Kal’s Journey from Food Bank Client to Volunteer
“I abused drugs for years,” Kal starts, getting right to some of the toughest parts of his story. Back in the 90s, what started as serious partying turned darker, to the abuse of marijuana, LSD and more. One night before a Depeche Mode concert, one of his friends pulled out some cocaine; he said “yes”. Taking drugs initially for “special occasions” very quickly turned to weekends and eventually, daily use.
The last several years of Kal’s struggle with drugs progressed to a crack cocaine habit that strained relations with his family. His parents realized they had to start saying “no” when he stole from them to support his addiction, and he wound up homeless on the streets of Abbotsford.
During his toughest times on the street, Kal relied on the support of shelters and nourishment from the Archway (then Abbotsford Community Services’) Food Bank to keep him going. There, he’d get his “daily bread” which included literal food and kindness that fed his soul. “There is something spiritual about sharing food. Everybody was so nice… they didn’t make me feel ‘lesser,’ ” he shares. “They talk to you on the same level and just help you.”

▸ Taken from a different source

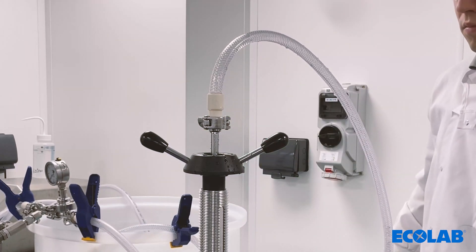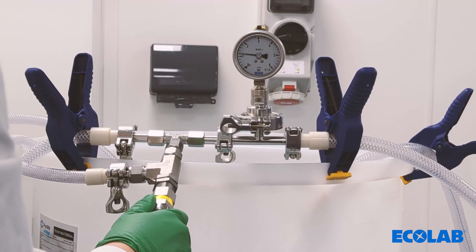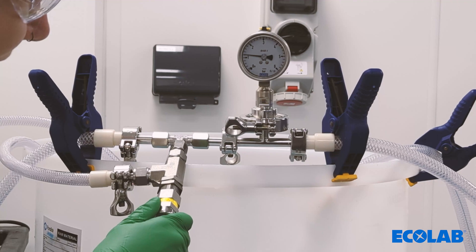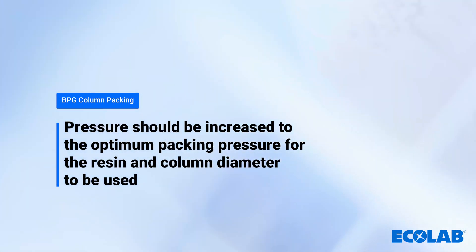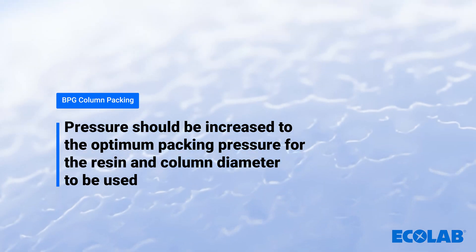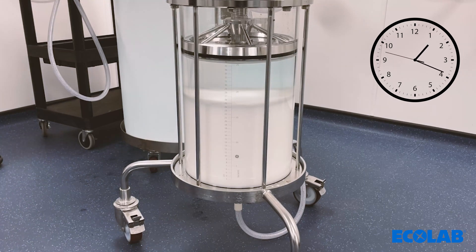The next stage of the packing process is to increase the pressure applied to the column. This can be completed by setting the relief valve at the packing pressure or adjusting the relief valve to increase the pressure to the desired packing pressure. The pressure should be increased to the optimum packing pressure for the resin and column diameter, which can be found in the resin information. For this example packing of DuraCycle A50, the packing pressure in a 30 centimetre ID column is 2.2 bar. Once the packing pressure is reached, allow the bed to stabilize at this pressure for 20 to 30 minutes.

Kal’s father also encouraged him to reach out to the Abbotsford Addictions Centre, another Archway program, but at the time, he wasn’t ready to stop using drugs. “The Food Bank kept me going,” he said, until he reached the point where he was ready to seek more help for himself.

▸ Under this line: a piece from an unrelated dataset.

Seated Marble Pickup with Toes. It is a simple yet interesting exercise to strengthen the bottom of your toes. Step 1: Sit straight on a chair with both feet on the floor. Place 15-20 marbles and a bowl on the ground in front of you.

On his own, Kal was stealing to support his habit, hanging out in crack shacks and sleeping in Tim Hortons and ATM lobbies. He’d hit rock bottom. Out of desperation, he robbed a gas station and ended up in jail at the North Fraser Pretrial Centre. This is where he had an encounter that lead him to become a Christian. After jail, Kal got a job with a local newspaper. On the surface, things seemed a little better but when a relationship with a girl didn’t progress the way he’d intended, he started using drugs again.
After a few weekends of using drugs again, something clicked. Kal voluntarily went to Wagner Hills Farm for a 12-month residential treatment program. He got the opportunity to dive deeper into his faith and gained a new foundation on which to rebuild his life. “It was awesome to be there,” he exclaimed. “I got a chance to have a great place to live and work on myself with people who really care. It was amazing!”
My life has always been better since that day.
“…..but there was still a lot of work I needed to do,” he continued. When speaking of his faith, Kal explained that it was paramount in helping him change but didn’t exempt him from putting in the effort. And put in the effort he has. While he used to worry about his wasted years, he’s now realized that since overcoming his addiction he’s lived more in the last 12 years than he did in his first 32.
Today, Kal is happily married to Misty and they’re the parents of four young children. He’s a successful Account Manager at FirstPage Marketing in Abbotsford and serves on the Board of Directors for the Abbotsford Community Foundation, the Abbotsford Chamber of Commerce and the Kinghaven/Peardonville House Treatment Centres. He also still finds time to volunteer with Wagner Hills as well as the Archway Abbotsford Food Bank – the place that kept him from going hungry and gave him hope.
“Life is pretty good now,” he shares. “It’s never too late to live differently.” Kal shares his story not only to encourage people struggling with addiction but also to show the community the value in supporting addiction programs.
“We hear about the negative side,” he continues. “But you could line up lots of people who have been where I was and are doing well. I’m not the only one, I just have a louder voice than some.”